Data records –

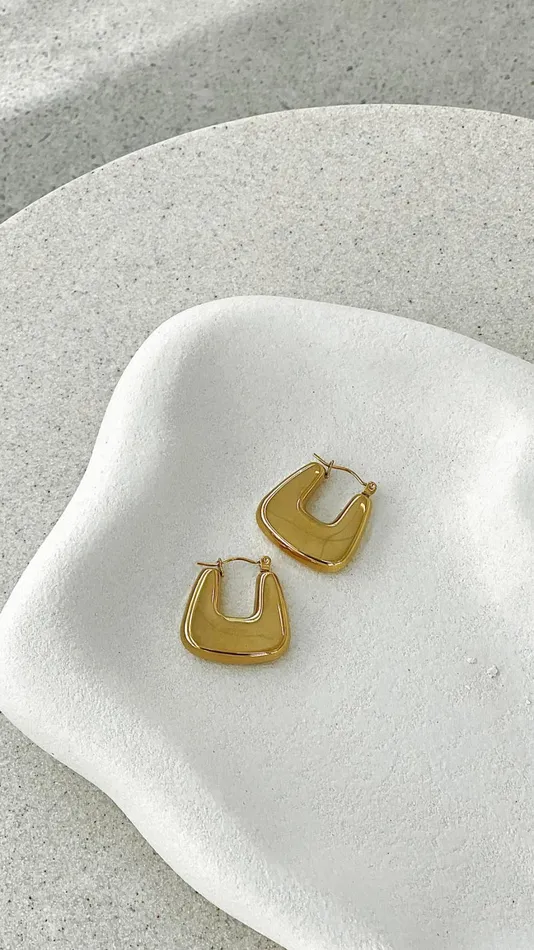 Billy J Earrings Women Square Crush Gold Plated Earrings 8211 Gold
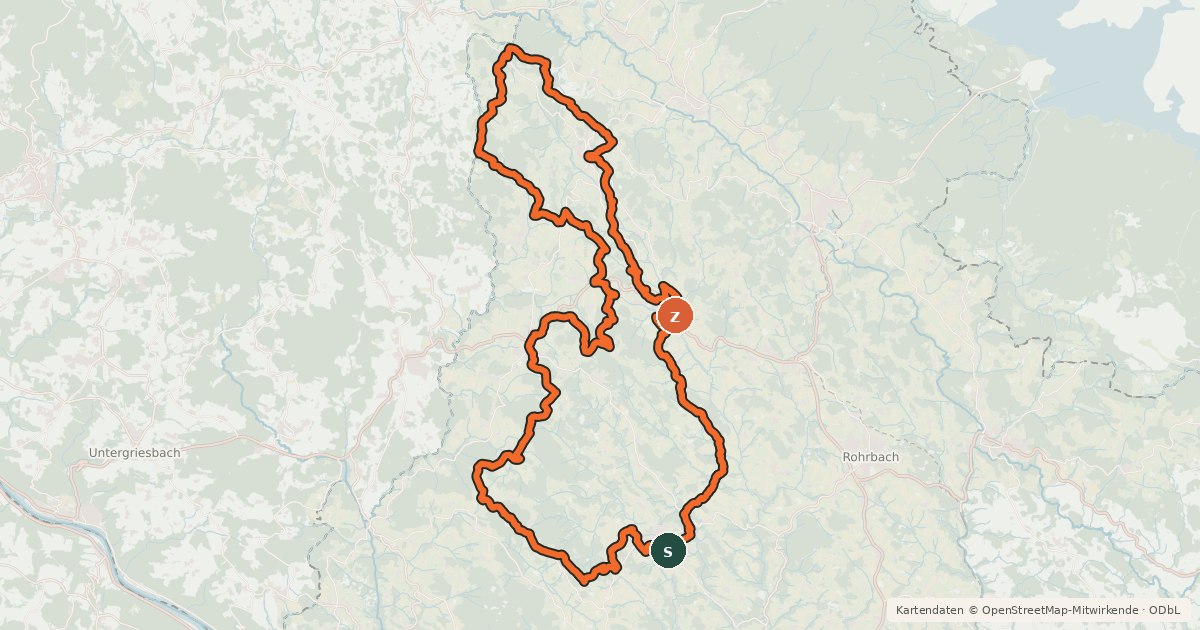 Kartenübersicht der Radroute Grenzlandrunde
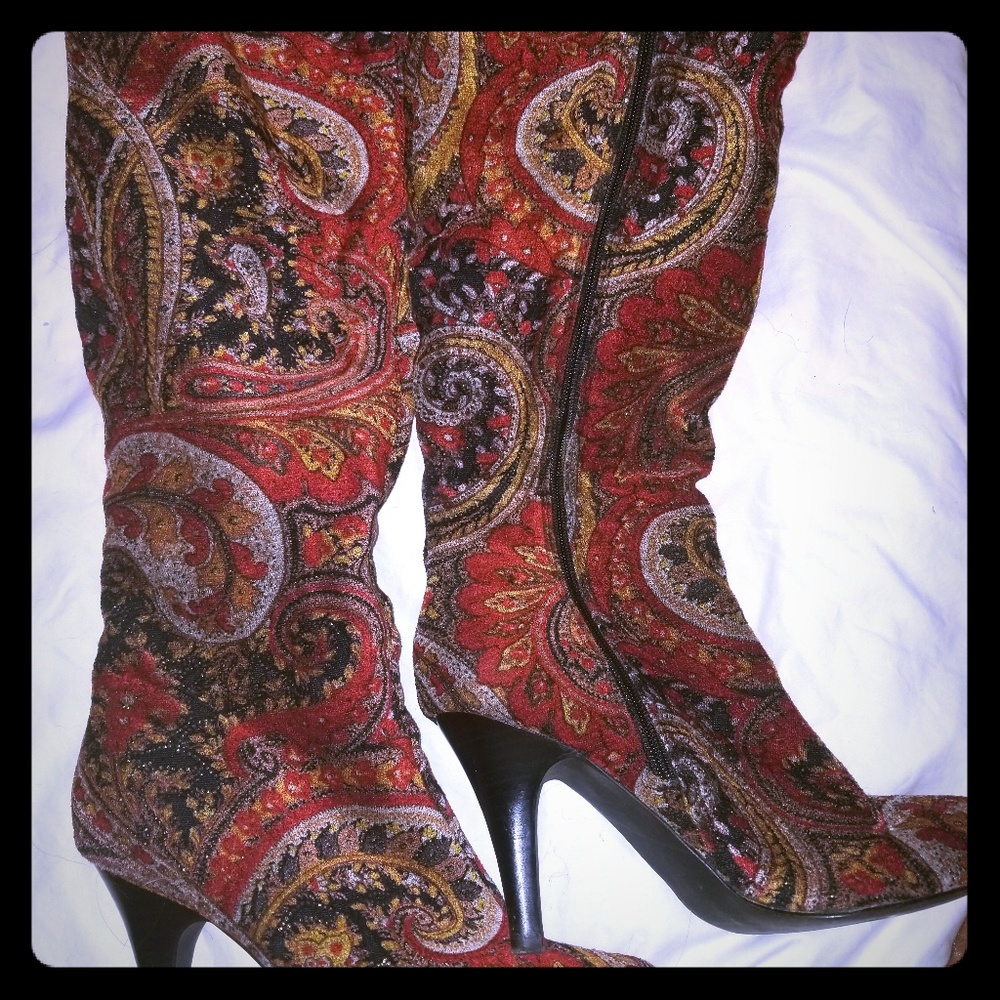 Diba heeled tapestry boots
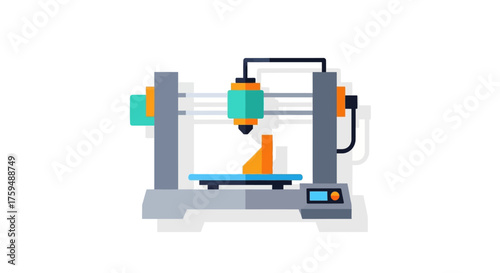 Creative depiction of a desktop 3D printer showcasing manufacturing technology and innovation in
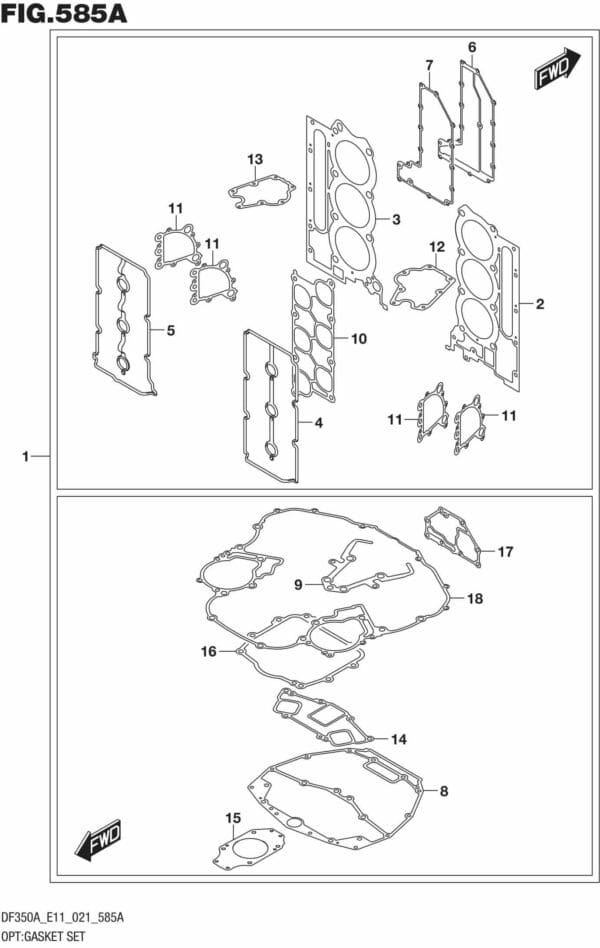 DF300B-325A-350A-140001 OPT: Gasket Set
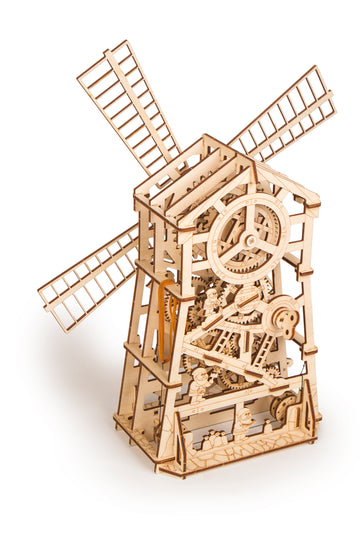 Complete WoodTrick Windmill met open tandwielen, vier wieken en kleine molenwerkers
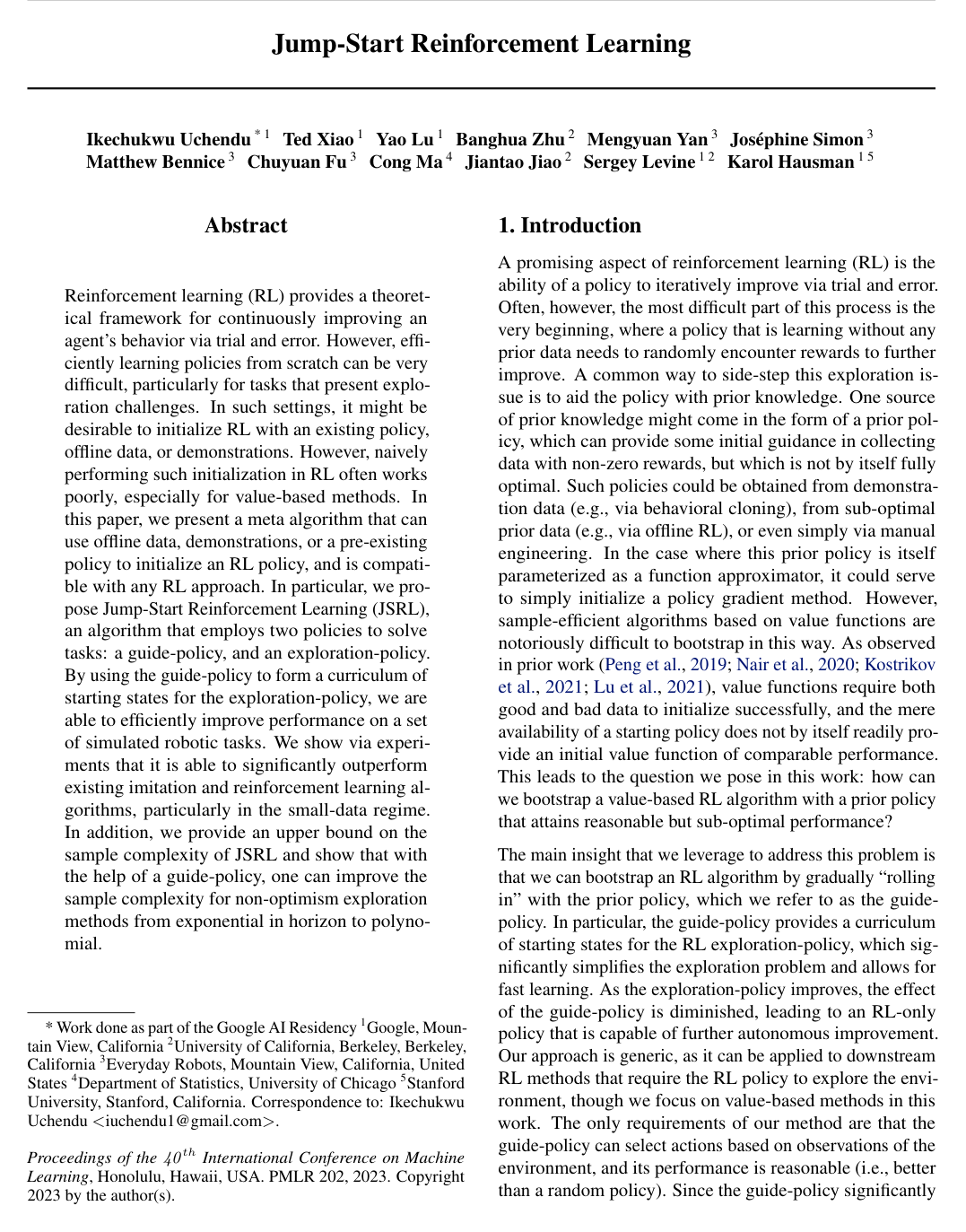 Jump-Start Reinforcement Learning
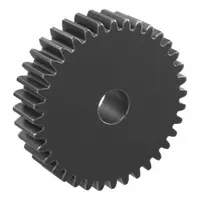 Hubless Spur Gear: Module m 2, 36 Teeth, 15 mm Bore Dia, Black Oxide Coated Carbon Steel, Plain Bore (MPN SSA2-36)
* * *
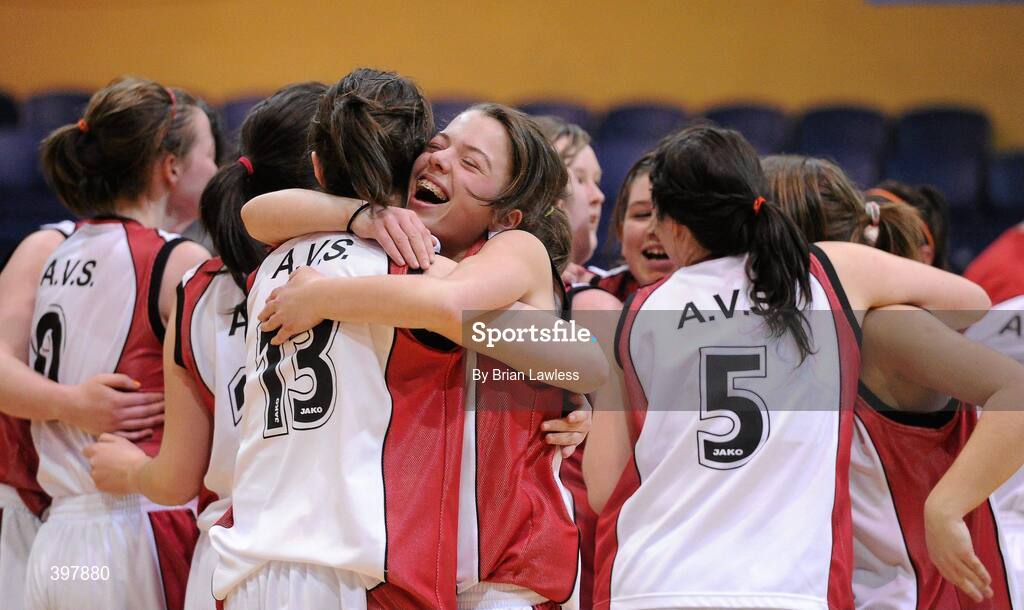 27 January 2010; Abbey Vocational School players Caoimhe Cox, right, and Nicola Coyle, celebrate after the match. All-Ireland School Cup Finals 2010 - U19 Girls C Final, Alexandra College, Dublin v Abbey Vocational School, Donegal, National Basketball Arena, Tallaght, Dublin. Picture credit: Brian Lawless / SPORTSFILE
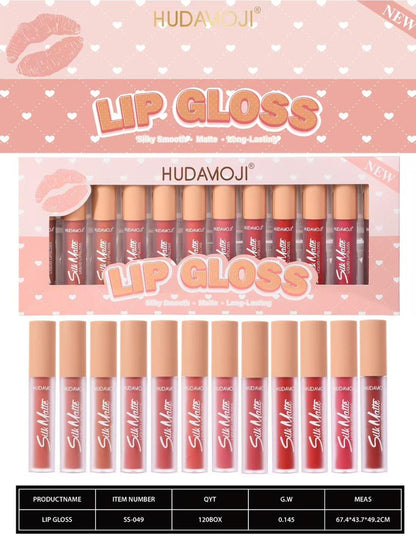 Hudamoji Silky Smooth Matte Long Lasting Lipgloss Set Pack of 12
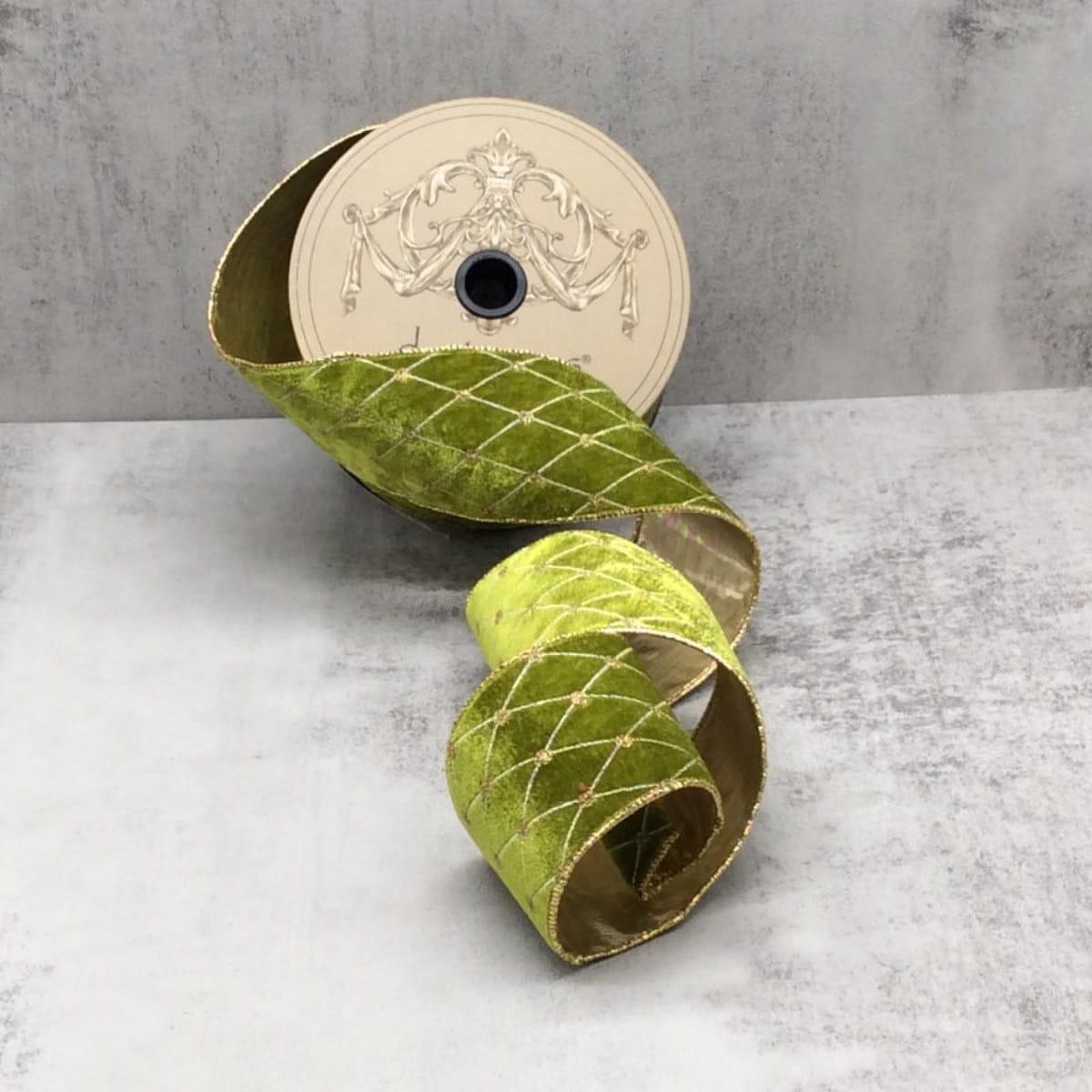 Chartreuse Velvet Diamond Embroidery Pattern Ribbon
* * *
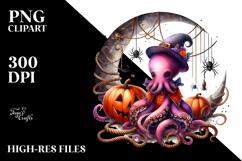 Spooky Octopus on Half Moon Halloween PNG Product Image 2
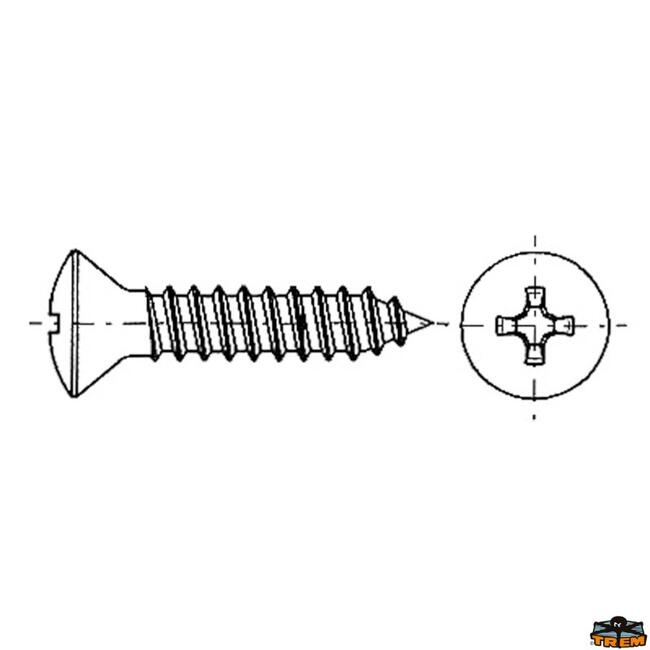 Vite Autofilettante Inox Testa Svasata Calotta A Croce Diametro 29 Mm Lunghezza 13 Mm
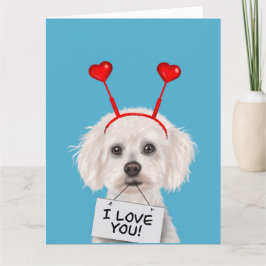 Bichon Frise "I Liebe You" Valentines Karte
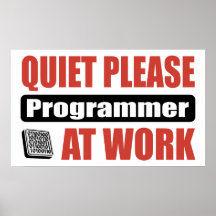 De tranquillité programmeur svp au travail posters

Exercise – Although pictures appear among the records above, write out exactly only the lines from the one that has "Billy J Earrings" through the one that has "Hubless Spur Gear: Module", and leave the pictures out.

Your response –
 Billy J Earrings Women Square Crush Gold Plated Earrings 8211 Gold
 Kartenübersicht der Radroute Grenzlandrunde
 Diba heeled tapestry boots
 Creative depiction of a desktop 3D printer showcasing manufacturing technology and innovation in
 DF300B-325A-350A-140001 OPT: Gasket Set
 Complete WoodTrick Windmill met open tandwielen, vier wieken en kleine molenwerkers
 Jump-Start Reinforcement Learning
 Hubless Spur Gear: Module m 2, 36 Teeth, 15 mm Bore Dia, Black Oxide Coated Carbon Steel, Plain Bore (MPN SSA2-36)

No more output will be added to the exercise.